As a new-ish Le Guin reader, I had no idea her work was so radical, so concerned with what liberation might look like beyond capitalism, patriarchy, gender binaries etc. She’s very clear in the film that, for her, fantasy isn’t “a woo-woo place” but rather a realm where new realities might emerge, right?  

Arwen Curry: Yes. This wasn’t unicorns and rainbows – this was serious human inquiry. Le Guin is not often talked about in this way, but she was deeply dedicated to human freedom. She explored that concept in many of her works, which were anthropological or ethnographic in nature, and very pleasurable to read.

Her values and motives as a writer were largely shaped by her mother and father’s anthropological work. Alfred and Theodora Kroeber both worked to document lost and precarious languages and cultures of American’s indigenous peoples – work that directly informed Ursula’s oeuvre.  Would casual readers know this abut her?

Arwen Curry: It’s common knowledge, but often misunderstood. Hers was a childhood that was deeply steeped in myth and folklore and cultural relativism, from her father's anthropological work, and her mother’s books.  She grew up in a house filled with great thinkers; she had refuges from Europe in her house during the Second World War; she had people like Robert Oppenheimer debating around the dinner table. She understood from a very young age that the way we live – the way our society is structured – is not the only way, and that this isn’t a frightening thing, but rather something that offers possibility and hope.

Ursula shows a willingness to critique her own work in the documentary, to regard its failings as she saw them. That’s an honesty we don’t always get from our best writers.   

Arwen Curry: I think Ursula was very unusual in her willingness to evolve in the public eye, to ruthlessly examine her own shortcomings. She doesn’t condemn her early work, though – she builds on it, and that’s a really valuable example of how to move in the world, how to acknowledge your mistakes and move on. She knew the important thing is to stay flexible, to listen, to be honest with yourself and with other people. We could use a little more of that right now.

Yes. America is…struggling, isn’t it?

Arwen Curry: I had a screening here in San Francisco last night and during the Q&A, this woman asking me in in this very sad voice ‘what do you think (Ursula) would tell us about what we should do right now?’ And my response to that was: we can’t allow them to colonise our imaginations, because if we can’t imagine a more just future, then we can never get there. In her 2014 National Book Award speech, Ursula said:  “We live under capitalism. It seems inescapable; so did the divine right of kings." Ursula saw the long view.

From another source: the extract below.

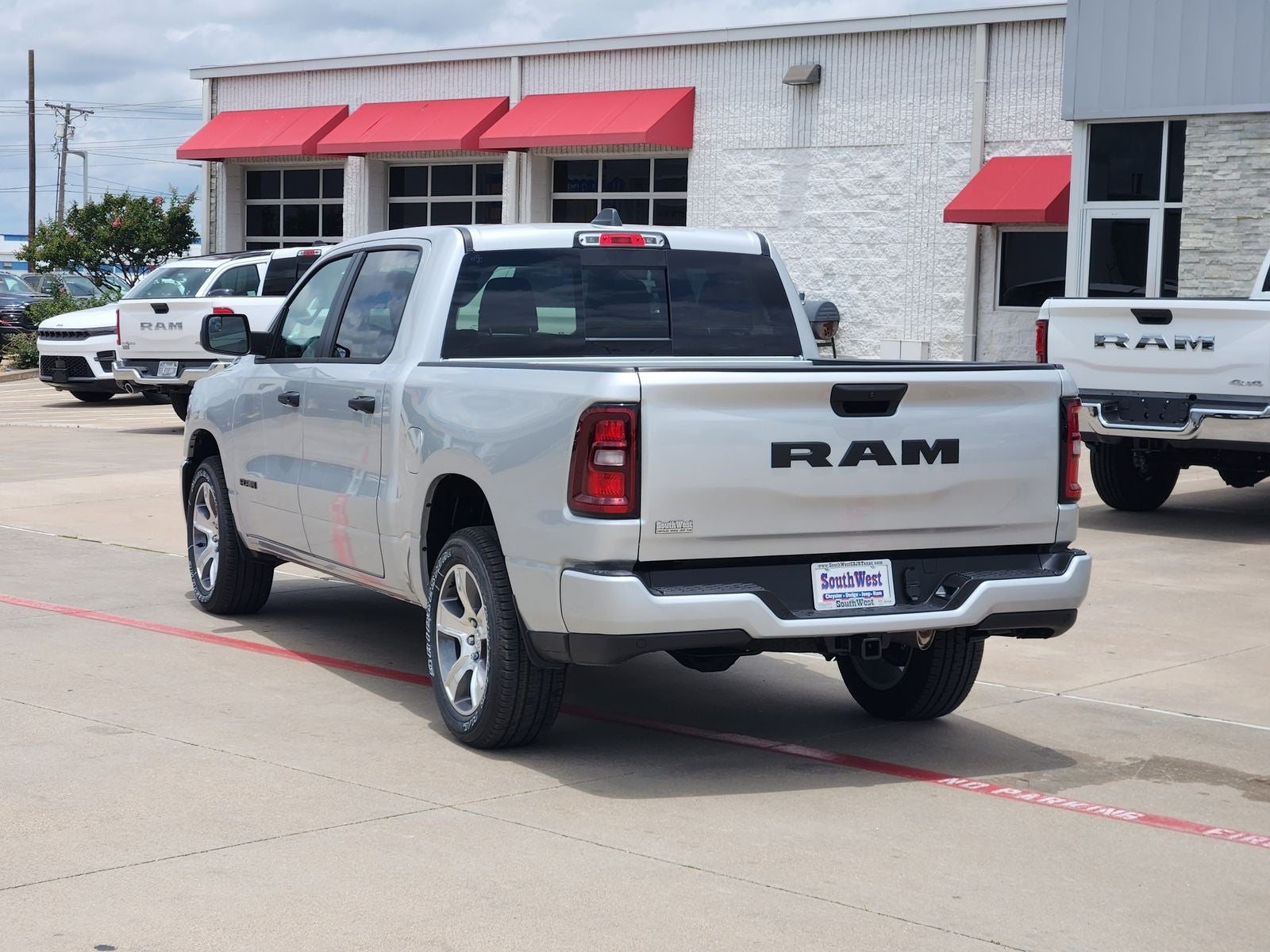 2026 RAM Ram 1500 RAM 1500 EXPRESS CREW CAB 4X2 5'7' BOX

Indeed. She was writing about gender queer people back in the ‘70s, in Left Hand of Darkness, decades before non-binary identity became common parlance.

Arwen Curry: She had a very open mind and an active curiosity about all aspects of human identity and culture, so anything that seemed set or fixed, she was likely to question in her work – especially when those around her weren't. She did this with gender, with family structures, with race, society; she played with every conceivable idea around how humans could organise and define themselves. And some of that is very useful to us now.  

Her legacy in 2018 is undeniable, as authors like Neil Gaiman attest to in the documentary. We’d have no Harry Potter without her early Earthsea books, for example. Are today’s writers making good on the trail she blazed?  

Arwen Curry: I think lots of people are following in her path, including authors who aren’t considered sci-fi writers – people like Michael Chabon and Zadie Smith.  And then there are people working within the sci-fi and fantasy field – people like Adrienne Maree Brown – who draw directly on Ursula’s world of experiment and possibility to imagine new frontiers for gender, race, politics, and how people might re-organise in radical new ways.